═════ SOURCE DATA

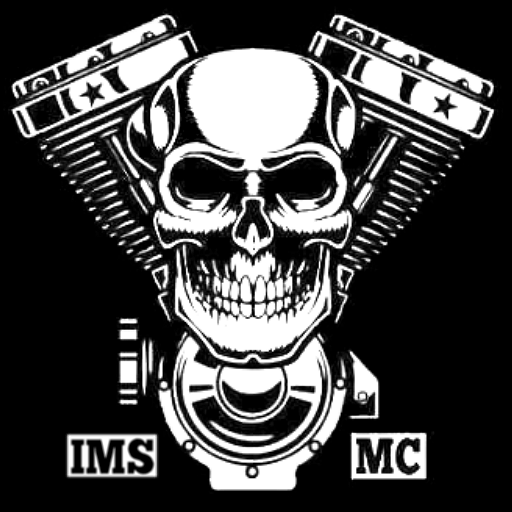Motor Skull´s Brasil - Rádio logo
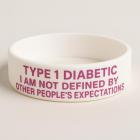 TYPE 1 DIABETIC ADULT AND YOUTH 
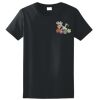 Women's Ultra Cotton ® 100% Cotton T Shirt Thumbnail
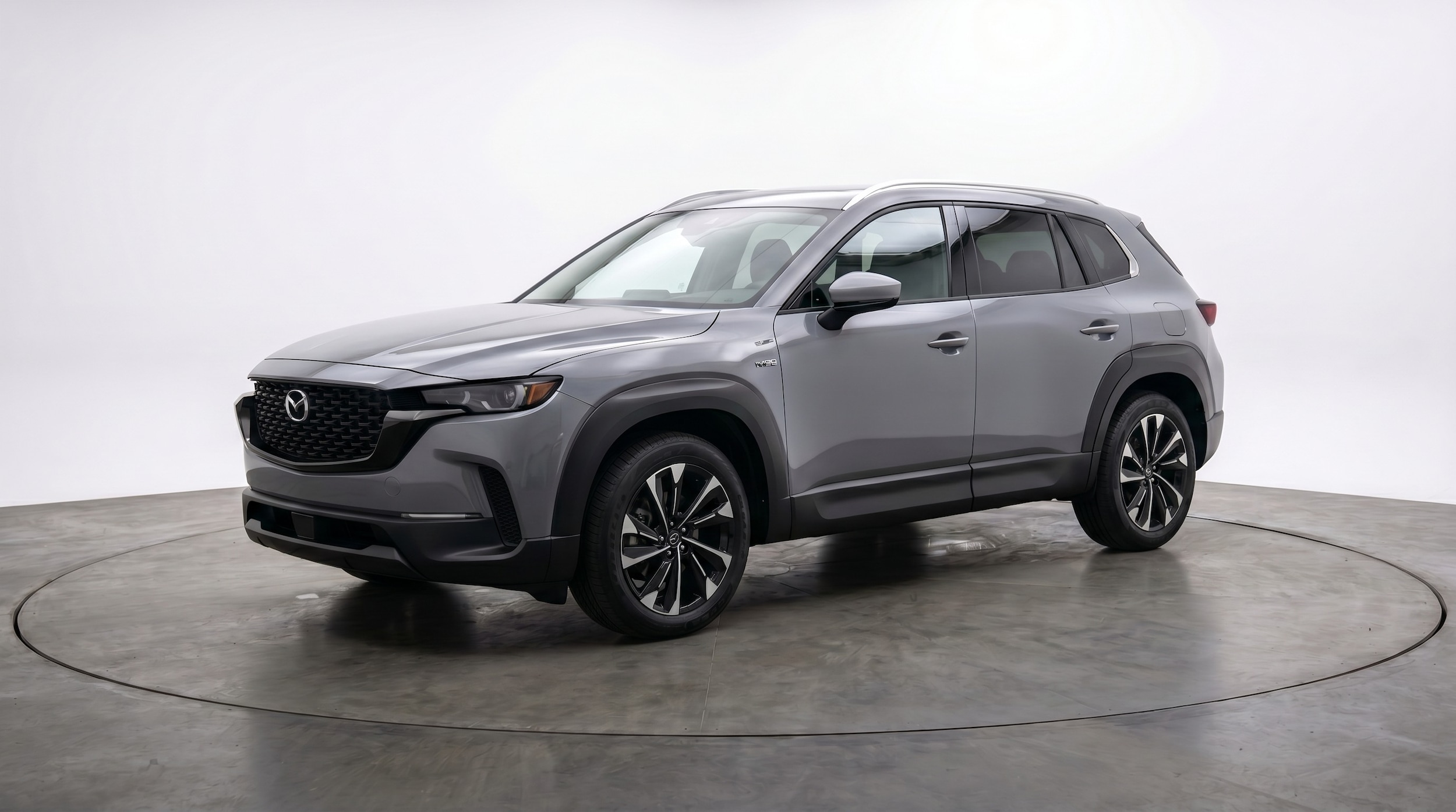 Thumbnail: 2025 Mazda CX-50 - 3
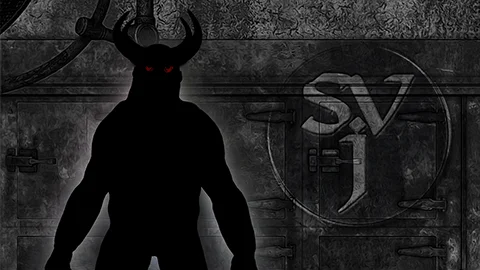 Shadow Vision Journals The Shadow Vision Journals Series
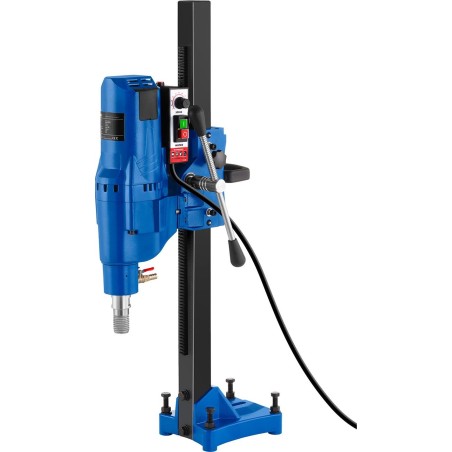 Vertikale Betonbohrmaschine 255 mm, 4350 W (MSW-DDM255)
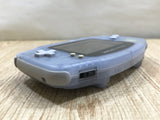 GameBoy Advance Milky Blue Console Nintendo Japan - Not Working LG7993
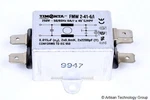 Timonta Fmw2-41-6/i Emc Interference Suppression Filter For 1-phase System. Fixed Price $50.00.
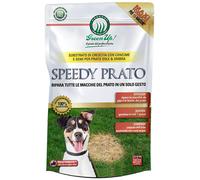 Sementi prato miscuglio tappeti Speedy prato 1,5 kg Herbatech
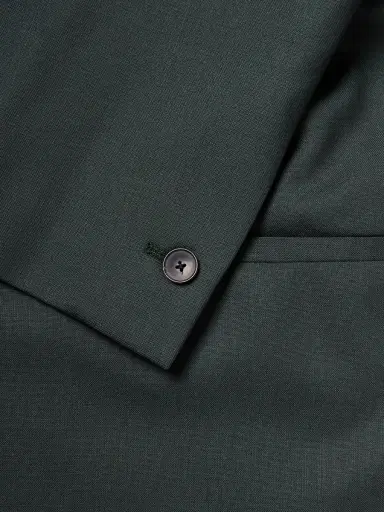 MR P. Oversized Wool Suit Jacket - Men | Thumbnail 5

══════════

• **WORK REQUEST**: Keeping the pictures out, output the records from above exactly and completely.

• **EXERCISE SOLUTION**:
Motor Skull´s Brasil - Rádio logo
 TYPE 1 DIABETIC ADULT AND YOUTH 
 Women's Ultra Cotton ® 100% Cotton T Shirt Thumbnail
 Thumbnail: 2025 Mazda CX-50 - 3
 Shadow Vision Journals The Shadow Vision Journals Series
 Vertikale Betonbohrmaschine 255 mm, 4350 W (MSW-DDM255)
 GameBoy Advance Milky Blue Console Nintendo Japan - Not Working LG7993
 Timonta Fmw2-41-6/i Emc Interference Suppression Filter For 1-phase System. Fixed Price $50.00.
 Sementi prato miscuglio tappeti Speedy prato 1,5 kg Herbatech
 MR P. Oversized Wool Suit Jacket - Men | Thumbnail 5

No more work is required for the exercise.